Jago Party is an Indian political party. It was founded in August 2007 by a group of non-political Indians and was registered with the Election Commission of India in January 2008.

== Vision ==
- To make a society based on individual freedom to pursue one's happiness, so long as one does not take away freedom of others by force or fraud

- To make India a free market economy and protect its freedom-based institutions such as democracy and secularism

- To restrict role of the government only to maintenance of individual's freedom and management of public property

- To eliminate all discrimination exercised by government or individuals on the basis of religion, caste, sex, place of birth, income, ethnicity etc.

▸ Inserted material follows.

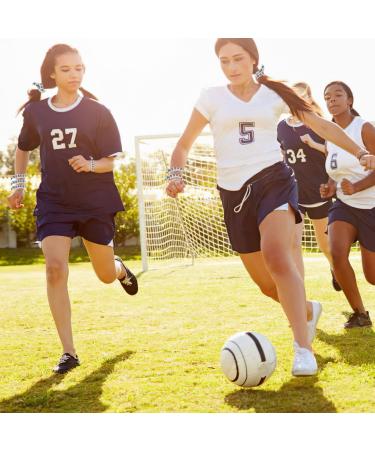 20 Soccer Hair Ties - Elastic Ribbon Ponytail Holders for Girls & Women | No Crease Hair Accessories for Football Team Members - Buy Online on GoSupps.com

- To strive for one world government based on democracy, secularism, and free market economy with one global policing and justice system

== Manifesto ==
Elimination of all reservations and provision of free education to all
Death sentence for big-scale corruption and rape; court judgment within three months
Removal of all subsidies; direct transfer of cash worth Rs 800 per month to all voters
Maximum privatization including that of power and railways
No income tax up to Rs. 400,000 per annum; reduction in number and rates of taxes

=== Membership ===
The Party has two categories of membership:

Primary membership:

Any person who is a citizen of India, has attained the age of 18, accepts the Constitution and ideology of the party, and is not a member of any other political organization can become a primary member of Jago Party. There is no membership fee on enrollment as a primary member.

Active membership:

Every active member must be aged 18 or over, pay the annual membership fee of Rs.100 and actively participate in the party's activities.

Local organization of Jago Party:

a. A state/UT general council for each state/UT.

b. A state/UT executive committee.

c. A district general council for each district.

d. A district executive committee for each district.

The primary unit of the party is the district executive committee.

==2008 Rajasthan Assembly elections ==

Jago Party contested Assembly election in Rajasthan in 2008 in 26 seats, although no candidate won the election. Jago Party was ahead of all the smaller parties in most of the 26 constituencies it contested, except Bharatiya Janata Party (BJP), Indian National Congress and SP. Jago Party was ahead of Bahujan Samaj Party (BSP) in two constituencies and was fourth there among all political parties.

Jago Party contested the elections of Rajasthan Vidhan Sabha in 2013 and Lok Sabha in 2014.